This exercise calls for an exact copy of the listing below.

====== RECORDS SHOWN

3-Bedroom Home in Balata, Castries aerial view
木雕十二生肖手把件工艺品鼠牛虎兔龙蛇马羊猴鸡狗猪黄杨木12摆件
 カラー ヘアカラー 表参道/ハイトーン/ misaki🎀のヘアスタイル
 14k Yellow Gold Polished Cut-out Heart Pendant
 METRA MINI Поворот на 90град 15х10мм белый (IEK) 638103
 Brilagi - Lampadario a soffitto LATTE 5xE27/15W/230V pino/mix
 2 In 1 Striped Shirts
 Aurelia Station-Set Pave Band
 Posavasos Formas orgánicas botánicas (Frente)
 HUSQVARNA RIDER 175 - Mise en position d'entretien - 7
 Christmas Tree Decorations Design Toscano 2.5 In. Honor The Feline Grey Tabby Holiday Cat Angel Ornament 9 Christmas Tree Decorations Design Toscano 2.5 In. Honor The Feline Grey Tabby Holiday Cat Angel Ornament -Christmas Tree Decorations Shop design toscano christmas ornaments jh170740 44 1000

============

PROBLEM SOLUTION:
3-Bedroom Home in Balata, Castries aerial view
木雕十二生肖手把件工艺品鼠牛虎兔龙蛇马羊猴鸡狗猪黄杨木12摆件
 カラー ヘアカラー 表参道/ハイトーン/ misaki🎀のヘアスタイル
 14k Yellow Gold Polished Cut-out Heart Pendant
 METRA MINI Поворот на 90град 15х10мм белый (IEK) 638103
 Brilagi - Lampadario a soffitto LATTE 5xE27/15W/230V pino/mix
 2 In 1 Striped Shirts
 Aurelia Station-Set Pave Band
 Posavasos Formas orgánicas botánicas (Frente)
 HUSQVARNA RIDER 175 - Mise en position d'entretien - 7
 Christmas Tree Decorations Design Toscano 2.5 In. Honor The Feline Grey Tabby Holiday Cat Angel Ornament 9 Christmas Tree Decorations Design Toscano 2.5 In. Honor The Feline Grey Tabby Holiday Cat Angel Ornament -Christmas Tree Decorations Shop design toscano christmas ornaments jh170740 44 1000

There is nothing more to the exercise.